(SUPPLIED MATERIAL begins)

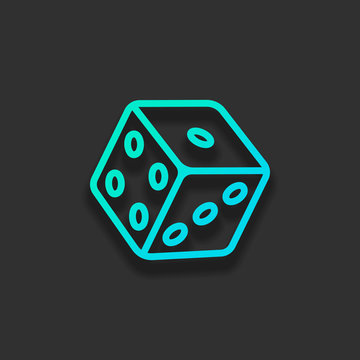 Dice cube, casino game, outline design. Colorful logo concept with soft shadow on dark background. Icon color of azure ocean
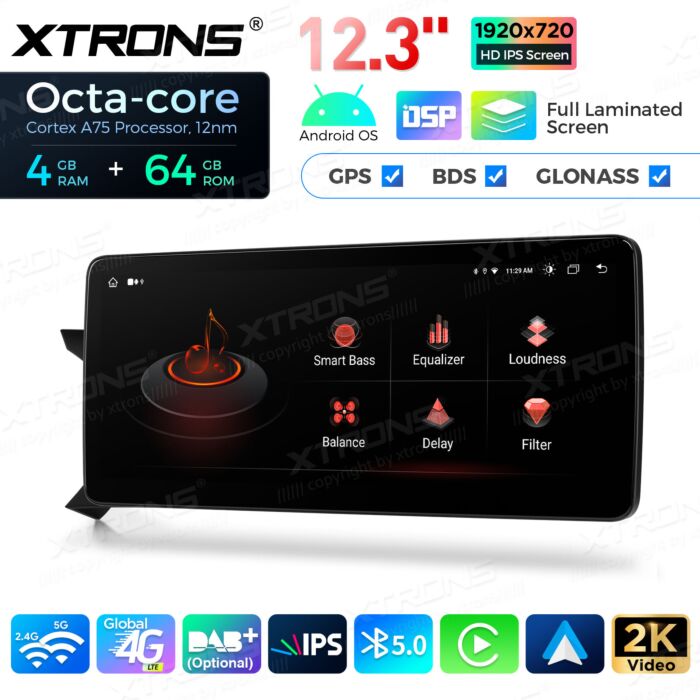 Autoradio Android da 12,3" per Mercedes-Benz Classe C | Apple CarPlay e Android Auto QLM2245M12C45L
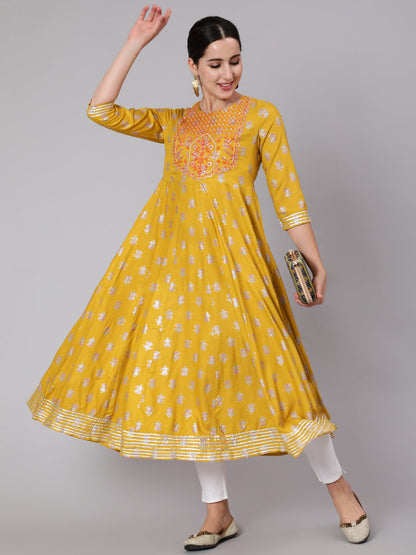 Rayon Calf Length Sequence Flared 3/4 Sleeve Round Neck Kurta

(SUPPLIED MATERIAL ends)

- **WORK TASK**
Find the line that has "Autoradio Android da" in the listing, then retype it and each later line up to the last, exactly. Leave pictures out.

- **RESPONSE TO THE TASK**
 Autoradio Android da 12,3" per Mercedes-Benz Classe C | Apple CarPlay e Android Auto QLM2245M12C45L
 Rayon Calf Length Sequence Flared 3/4 Sleeve Round Neck Kurta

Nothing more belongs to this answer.